Monster Hunter: Rise

I was a bit exhausted with all these indie games, so I went and bought a AAA game. I once played a Monster Hunter game, like 10 years ago, and I remembered it being extremely opaque. In order to play well, you had to understand all this stuff that was only available in the fanwiki, which probably required someone to look at the source code.
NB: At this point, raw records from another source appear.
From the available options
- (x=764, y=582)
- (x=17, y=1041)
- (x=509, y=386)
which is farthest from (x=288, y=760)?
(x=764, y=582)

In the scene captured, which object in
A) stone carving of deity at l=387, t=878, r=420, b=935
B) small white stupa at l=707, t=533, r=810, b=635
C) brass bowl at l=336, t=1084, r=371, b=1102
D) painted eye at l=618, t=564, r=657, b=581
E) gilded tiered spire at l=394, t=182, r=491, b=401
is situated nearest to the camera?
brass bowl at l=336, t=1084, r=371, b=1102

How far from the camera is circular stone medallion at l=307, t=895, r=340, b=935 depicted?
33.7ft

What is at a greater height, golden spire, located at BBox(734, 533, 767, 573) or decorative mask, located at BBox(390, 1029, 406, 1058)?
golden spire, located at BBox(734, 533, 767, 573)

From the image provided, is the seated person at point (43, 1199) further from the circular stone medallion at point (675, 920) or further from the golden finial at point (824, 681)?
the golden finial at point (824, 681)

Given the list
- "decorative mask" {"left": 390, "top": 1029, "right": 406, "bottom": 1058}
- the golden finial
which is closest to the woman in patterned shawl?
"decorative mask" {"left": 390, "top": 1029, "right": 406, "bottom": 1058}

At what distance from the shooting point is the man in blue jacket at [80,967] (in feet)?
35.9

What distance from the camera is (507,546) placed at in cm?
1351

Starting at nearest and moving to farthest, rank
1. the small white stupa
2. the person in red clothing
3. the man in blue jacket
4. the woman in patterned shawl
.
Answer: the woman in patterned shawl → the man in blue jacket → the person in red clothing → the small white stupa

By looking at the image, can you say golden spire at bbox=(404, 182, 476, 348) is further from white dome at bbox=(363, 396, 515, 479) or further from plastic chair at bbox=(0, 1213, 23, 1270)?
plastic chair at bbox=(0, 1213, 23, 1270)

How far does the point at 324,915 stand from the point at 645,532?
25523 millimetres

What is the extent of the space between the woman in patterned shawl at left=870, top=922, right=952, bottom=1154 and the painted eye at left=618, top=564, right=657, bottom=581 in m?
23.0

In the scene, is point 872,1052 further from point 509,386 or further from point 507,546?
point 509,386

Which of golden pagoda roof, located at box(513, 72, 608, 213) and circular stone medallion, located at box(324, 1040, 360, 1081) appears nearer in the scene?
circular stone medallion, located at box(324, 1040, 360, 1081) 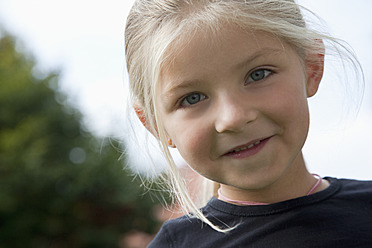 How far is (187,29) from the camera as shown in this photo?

Well, apparently in the last 10 years they made the franchise more approachable, so now we can see the great game that fans have been insisting was there this whole time. …Although, I still wouldn’t be shy about looking up fan content.

Sometime between my first attempt at Monster Hunter ten years ago and today, I played one of the Dark Souls games, so now the similarities jump out at me. They’re both challenging and deep combat games, where the key skill is reading enemy animations to anticipate attacks. But I think the difference is that Monster Hunter does not pin its identity on difficulty as an aesthetic. It can be difficult, but is not always or necessarily difficult, and the game is always cheering you along. And the Monster Hunter fandom is friendly and helpful in the way that the Dark Souls fandom always should have been.

Unravel

This is in the category of games my husband played, and I just watched a bit. It was really obvious that I would hate it.

It’s just one of those games that looks pretty because that’s where they blew the budget, and everything else is mediocre. The graphical detail prevents the game from having a functional visual language. The “puzzles” are tedious and monotonous, with most being solved by identifying the heavy object that you can inexplicably push across slack ropes. Reviewers praised the “character” of the protagonist’s animation, but it’s just a silent magical yarn doll whose motivations are never explained, so what character could it possibly have?

I watched my husband stumble through a set piece where crows would appear at random intervals to kill him. The solution required him to deliberately break immersion by visually distinguishing the game-y crows from the ones just flying in the background. I say this for a lot of games, but I really mean it here: they should have just made a walking sim.